Nuno Costa salientou que, “para quem vive numa grande cidade rodeado de betão, chegar à natureza e deixar essa marca significará muito e é esse o contributo que queremos dar ao turismo dos Açores”.
Na BTL, que está a decorrer até amanhã, Domingo, o sócio-gerente da empresa garante que as novas actividades estão a ser muito bem aceites. “Têm tido uma aceitação enorme por parte dos operadores estrangeiros”, referiu.
“Eles gostaram muito do ‘mix’ destas três ideias. Quem vai aos Açores procura a natureza e pessoas de fácil trato, que é o que somos. Além disso, por toda a ilha vemos vacas e pastos. Dar a oportunidade ao turista de estar no meio deles e dar a oportunidade de tirar leite às vacas é uma experiência única”, frisou.
“Tivemos um contacto com um operador continental que trabalha com mercado exterior, que vende para todo o mundo, com especial foco na Europa. Quando lhe falei das três actividades novas que lançamos, o operador mostrou-se muito interessado e disse que já levou turistas a fazer o mesmo tipo de actividades no Brasil, no meio da selva”, contou ao Diário dos Açores.
Contactos com operadores do Brasil é a principal novidade desta BTL, em relação a anos anteriores, salientou o responsável.
“No ano passado não tivemos este feedback do Brasil e penso que o serviço de ‘stop-over’ da TAP nos Açores nas rotas brasileiras vai trazer um incremento bastante grande em termos do mercado brasileiro para os Açores”, considerou.
Para Nuno Costa, sócio-gerente desta empresa que existe há dois anos, “é uma oportunidade única estar dentro de um pavilhão com o nome dos Açores, que é a região que mais tem crescido em termos de turismo em Portugal.

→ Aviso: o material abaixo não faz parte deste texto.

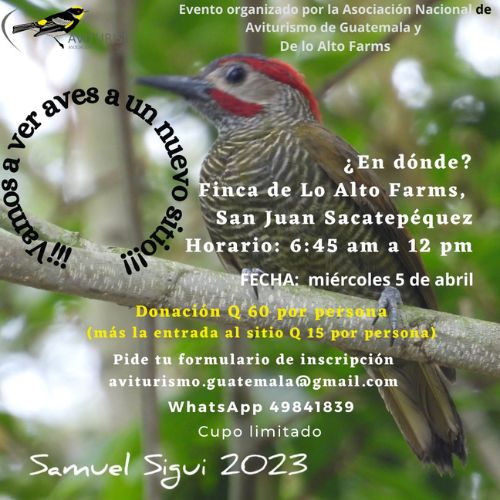 Observación de aves en San Juan Sacatepéquez, Guatemala 2023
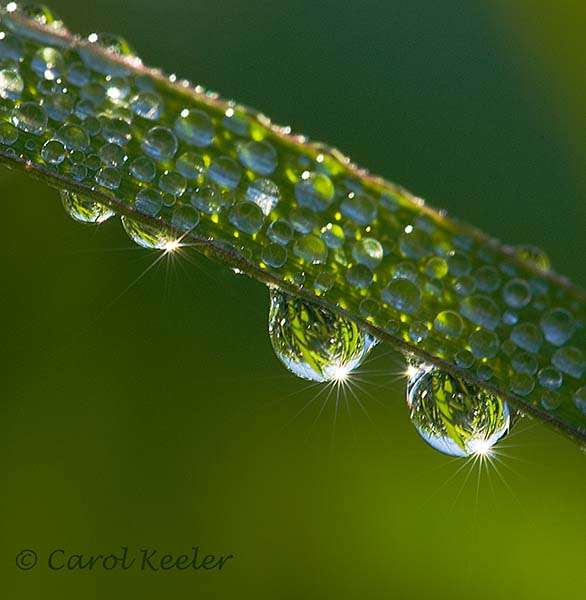 Dewdrops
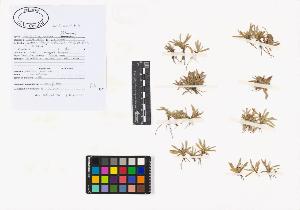 SW_BNB_s3040-02143_IMG-0000000001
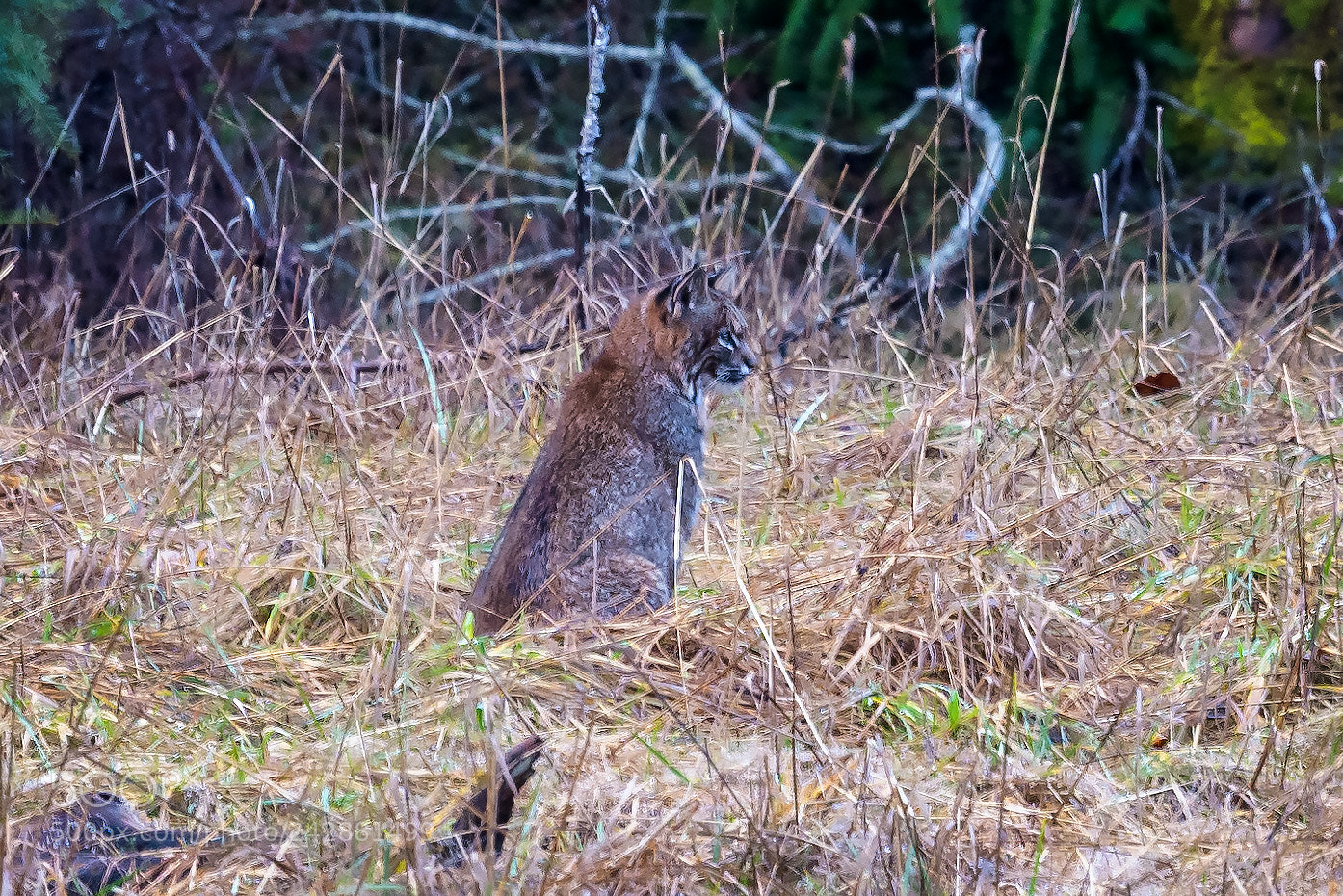 Nikon D500 sample photo. Bobcat, olympic national park photography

A Azores Green Mark é uma empresa da área da conservação ambiental aliada à animação turística e julgamos que é do maior interesse estar neste stand”, afirmou.
O símbolo da empresa é uma impressão digital e, segundo o responsável, vai ao encontro da ideia de “deixar uma marca de natureza, uma marca verde, de sustentabilidade”. “Promovemos várias actividades, nomeadamente passeios ao longo da ilha, actividades mais radicais como o snorkeling, passeios pedestres, espeleologia, observação da natureza”.
“Outros dos factores de que nos orgulhamos de ter investido é na qualidade dos equipamentos que temos. Temos viaturas novas, moderas, recursos humanos qualificados, jovens, e isso faz muita diferença em termos da promoção turística dos Açores.
“O crescimento do turismo nos Açores tem sido enorme, mas pode chegar o dia em que vamos cometer os mesmos erros que outras regiões e temos por isso temos que apostar na qualidade”, defendeu.
“O que nós temos feito é isso mesmo: apostar na qualidade, nos recursos humanos que efectivamente possam contribuir para uma boa imagem dos Açores, com equipamentos que dignificam quem nos visita. E damos o melhor que nós temos que é a natureza, mas uma natureza sustentável e não danificada e pisada pela massificação do turismo. É precisamente este conceito que tentamos transpor a quem nos visita e que tem resultado, bem com os operadores que têm passado por aqui”, afirmou ao Diário dos Açores.
A Azores Green Mark é a única empresa nos Açores que interliga a prestação de serviços em conservação e protecção ambiental com a organização de actividades de animação turística. Tem como missão, além da protecção e conservação ambiental, desenvolver actividades de animação turísticas “que potenciem experiências reais aos seus clientes nomeadamente, através de pacotes exclusivos que evidenciam a beleza das paisagens naturais dos Açores, a história e os costumes do povo açoriano e o imenso património arquitectónico e religioso existente nas ilhas açorianas”. Na Ribeira Grande tem uma loja de turismo.